We at Stage Directions send our sincere congratulations to Playwright, Katori Hall for her being awarded the 2021 Pulitzer Prize for her play The Hot Wing King. The play is a funny, deeply felt consideration of Black masculinity and how it is perceived, filtered through the experiences of a loving gay couple and their extended family as they prepare for a culinary competition. From the Pulitzer Prize announcement – For a distinguished play by an American author, preferably original in its source and dealing with American life, Fifteen thousand dollars ($15,000). Here’s a trailer of The Hot Wing King from NY’s Signature Theatre:
“Ready, set, fry! It’s time for the annual “Hot Wang Festival” in Memphis, Tennessee, and Cordell Crutchfield knows he has the wings that’ll make him king. Supported by his beau Dwayne and their culinary clique, The New Wing Order, Cordell is marinating and firing up his frying pan in a bid to reclaim the crispy crown. When Dwayne takes in his troubled nephew however, it becomes a recipe for disaster. Suddenly, a first place trophy isn’t the only thing Cordell risks losing. Steve H. Broadnax III directed this sizzling world premiere from Residency 5 playwright Katori Hall (Hurt Village, Our Lady of Kibeho).”
2021 Pulitzer Prize Finalists included:
Circle Jerk, by Michael Breslin and Patrick Foley. “A contemporary satire featuring outrageous situations and language repurposed from the internet to skewer online culture and question what identities we have permission to claim.”
About Katori Hall
Olivier Award-winning and two-time Tony-nominated Memphis-native Katori Hall is the bookwriter and co-producer of the West End and Broadway hit, Tina: The Tina Turner Musical. She’s also the executive producer and showrunner of P-VALLEY, the breakout Starz drama based on her play Pussy Valley.
Hall’s latest piece, The Hot Wing King, premiered in Spring 2020 at the Signature Theatre, rounding out her three-play residency. She is, perhaps, best known for The Mountaintop. The play, which fictionalizes the last night in Martin Luther King’s life, won the Olivier Award for Best New Play in 2010 before opening on Broadway in October 2011 to critical acclaim. Hall’s other works include the award-winning Hurt Village, Hoodoo Love, Saturday Night/Sunday Morning, Our Lady of Kibeho, and The Blood Quilt. She is also the director of the award-winning short, ARKABUTLA.

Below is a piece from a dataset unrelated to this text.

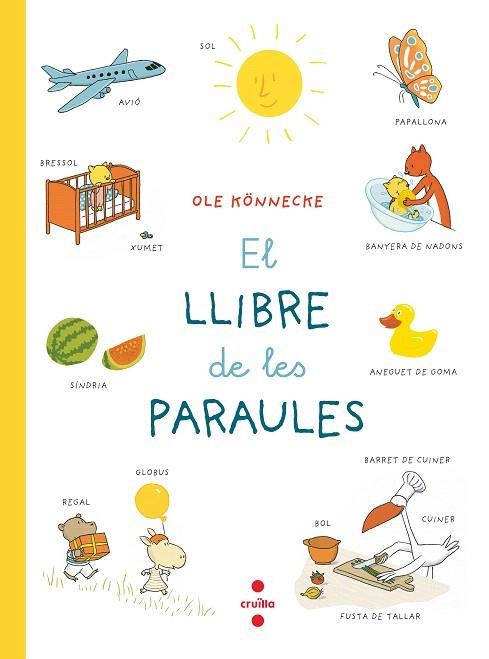 LLIBRE DE LES PARAULES, EL | 9788466148450 | KONNECKE, OLE | Llibreria Drac - Llibreria d'Olot | Comprar llibres en català i castellà online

Hall is an alumna of Columbia University, ART at Harvard University, and Juilliard. She’s also a graduate of the Sundance Episodic Lab’s inaugural class, the Sundance Screenwriting Lab, and Ryan Murphy’s Half Foundation Directing Program. Hall has been published in publications such as The Boston Globe, The Guardian, and The New York Times. She is a proud member of the Ron Brown Scholar Program and the Coca-Cola Scholar Program.
In addition to her Laurence Olivier Award, Hall’s other awards include a Susan Smith Blackburn Award, Lark Play Development Center Playwrights of New York (PONY) Fellowship, two Lecompte du Nouy Prizes from Lincoln Center, Fellowship of Southern Writers Bryan Family Award in Drama, NYFA Fellowship, the Columbia University John Jay Award for Distinguished Professional Achievement, National Black Theatre’s August Wilson Playwriting Award, and the Lorraine Hansberry Playwriting Award.